The Clementine Homilies by Unknown
Chapter XVIII.--The Nature of Revelation.
|Thus to me also was the Son revealed by the Father. Wherefore I know what is the meaning of revelation, having learned it in my own case. For at the very time when the Lord said, Who do they say that I am?' and when I heard one saying one thing of Him, and another another, it came into my heart to say (and I know not, therefore, how I said it), Thou art the Son of the living God.' But He, pronouncing me blessed, pointed out to me that it was the Father who had revealed it to me; and from this time I learned that revelation is knowledge gained without instruction, and without apparition and dreams. And this is indeed the case. For in the soul which has been placed in us by God, there is all the truth; but it is covered and revealed by the hand of God, who works so far as each one through his knowledge deserves. But the declaration of anything by means of apparitions and dreams from without is a proof, not that it comes from revelation, but from wrath.

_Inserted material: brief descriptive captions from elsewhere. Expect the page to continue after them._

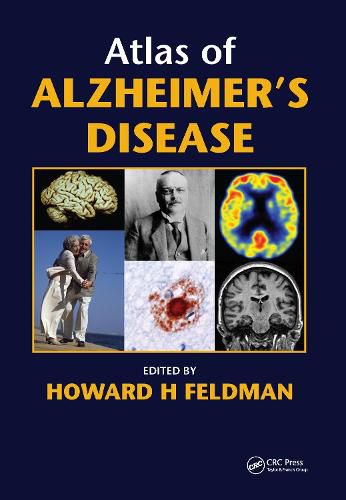 Cover image for Atlas of Alzheimer's Disease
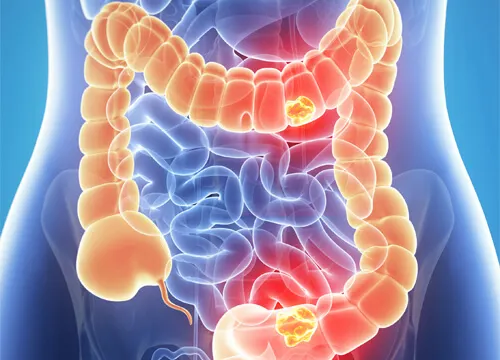 Cancro del colon
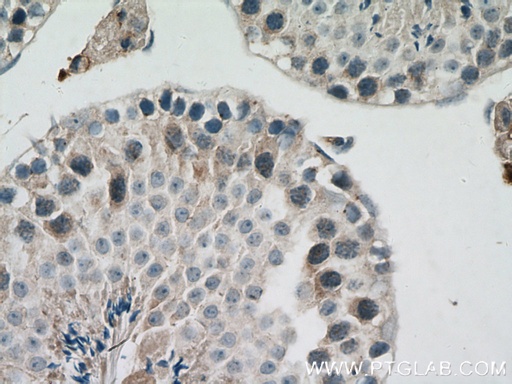 [13886-1-AP-20UL] SIAH1 Polyclonal antibody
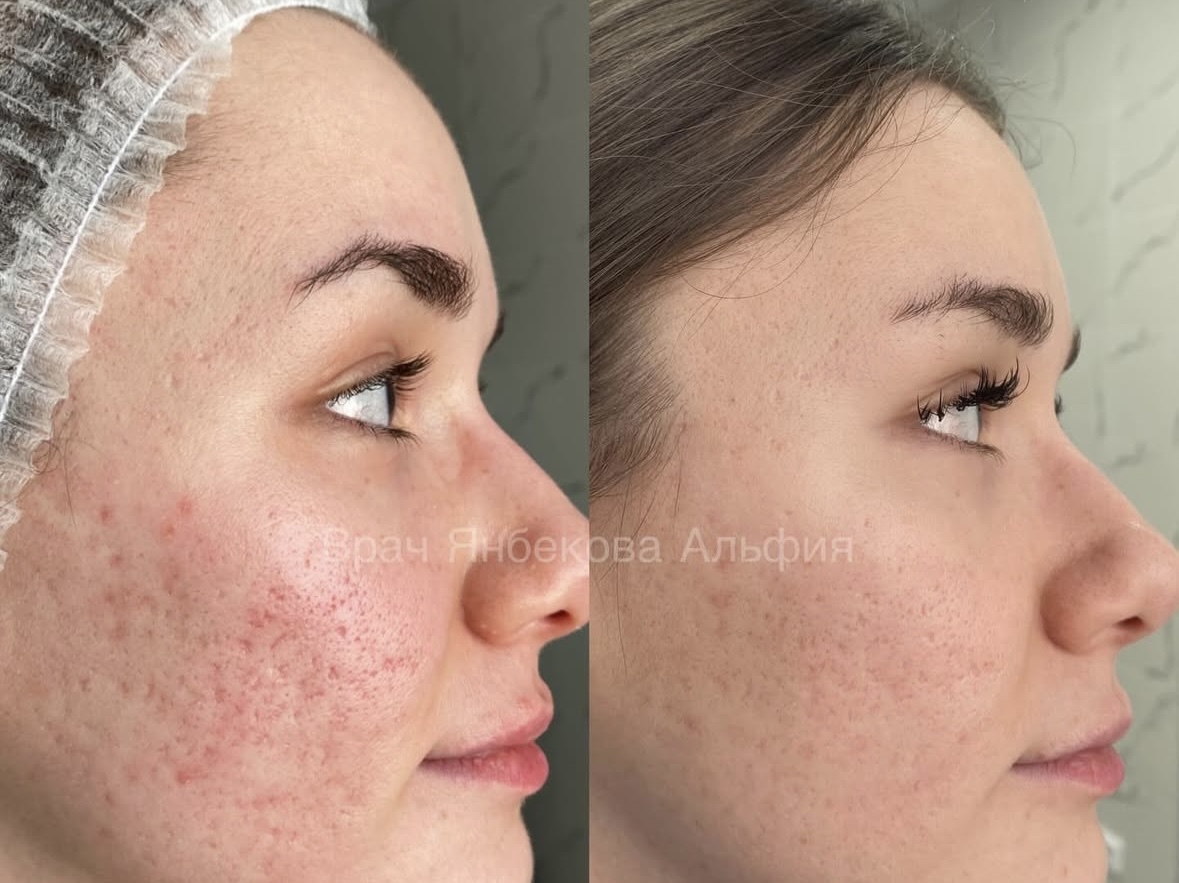 Коррекция рубцов — до и после лечения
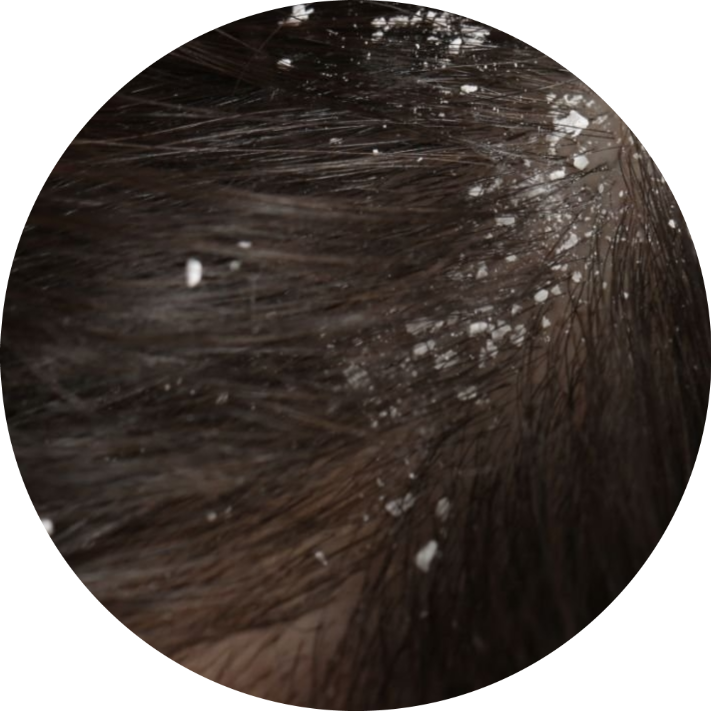 Hair & Scalp Treatment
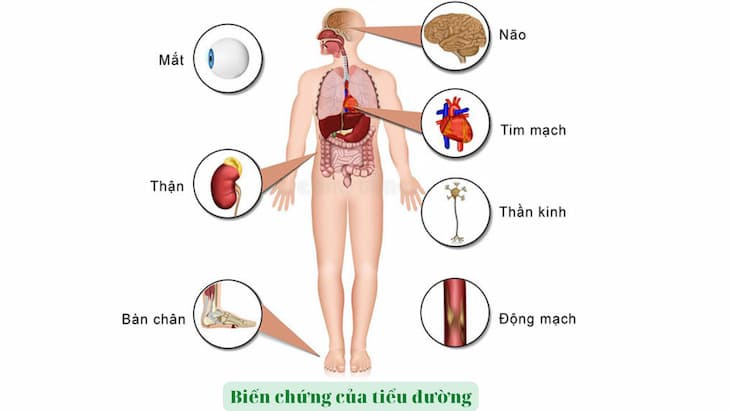 bệnh nội tiết - Image 4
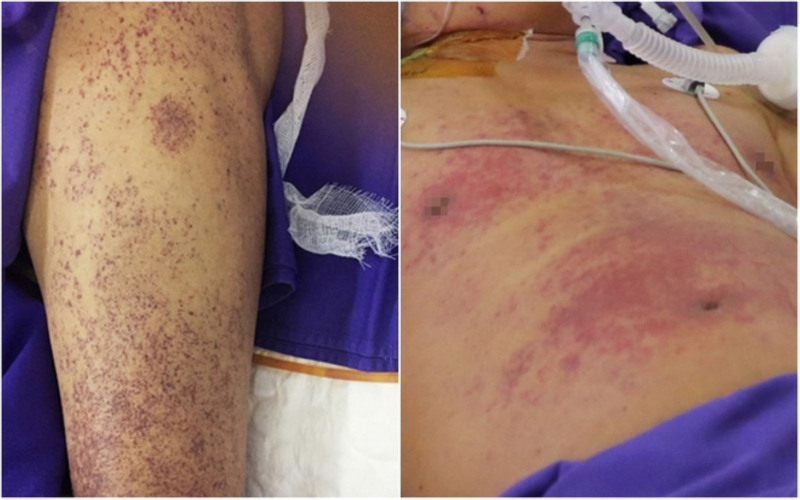 Một thợ xây mắc bệnh lý nguy hiểm do nhiễm liên cầu lợn  -0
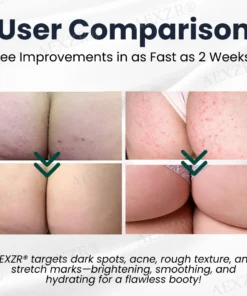 AEXZR® Butt Skin Treatment Cream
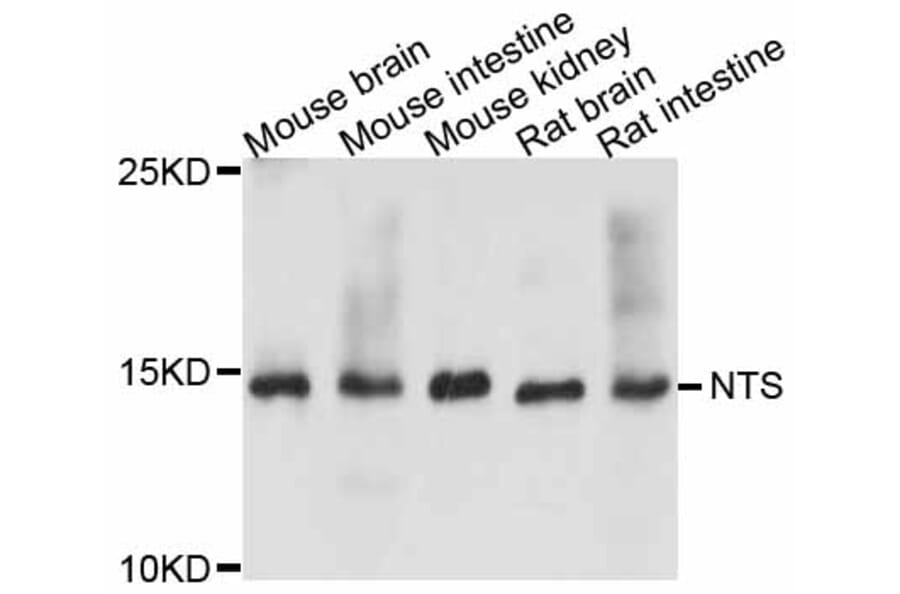 Western Blot - Anti-NTS Antibody (A11837) - Antibodies.com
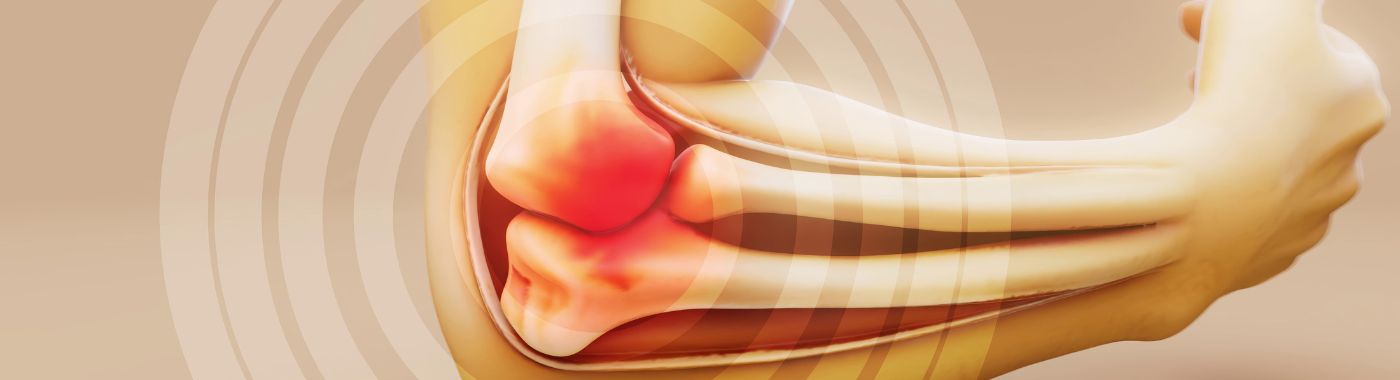 Myositis Ossificans - Causes, Symptoms, Diagnosis, Treatment, and Prevention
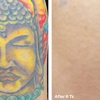 Laser Tattoo Removal by Tatt Cemetery gallery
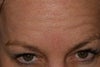 Botox wearing off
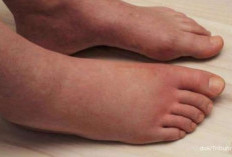 Kaki Bengkak Akibat Diabetes? Kenali Penyebab, Risiko, dan Cara Mengatasinya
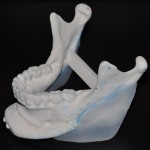 custom-jaw-angle-implants-dr-barry-eppley-indianapolis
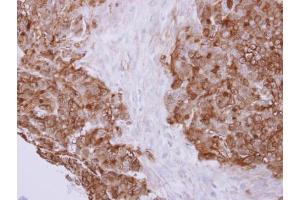 IHC-P Image Profilin 2 antibody detects PFN2 protein at cytoplasm on human colon carcinoma by immunohistochemical analysis. (PFN2 anticorps)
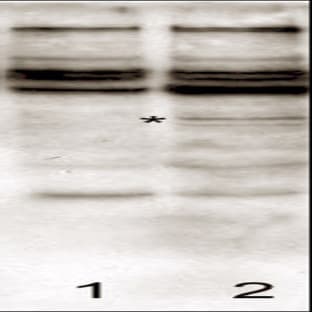 anti-Caspase 2, Apoptosis-Related Cysteine Peptidase (CASP2) (N-Term) antibody avatar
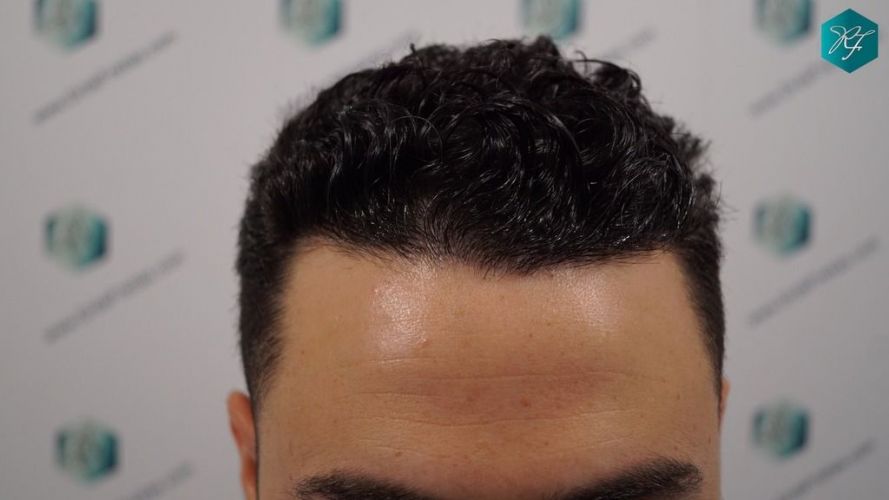 Injerto Capilar Técnica FUE 2046 Grafts (5983 Pelos) 28 trasplante de pelo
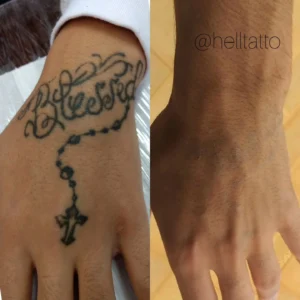 Remoção de tatuagem em pele negra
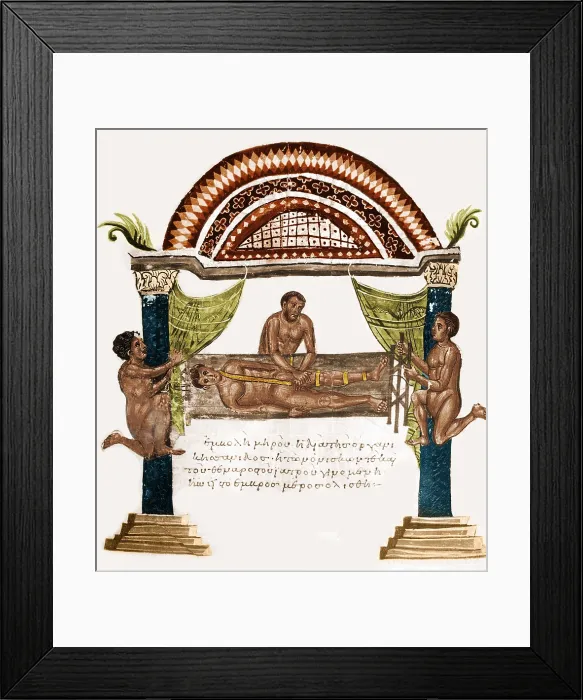 Framed Print : Joint Dislocation Treatment, 1st Century BC Framed Print : Joint Dislocation Treatment, 1st Century BC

Finally, then, it is written in the law, that God, being angry, said to Aaron and Miriam, If a prophet arise from amongst you, I shall make myself known to him through visions and dreams, but not so as to my servant Moses; because I shall speak to him in an outward appearance, and not through dreams, just as one will speak to his own friend.' You see how the statements of wrath are made through visions and dreams, but the statements to a friend are made face to face, in outward appearance, and not through riddles and visions and dreams, as to an enemy.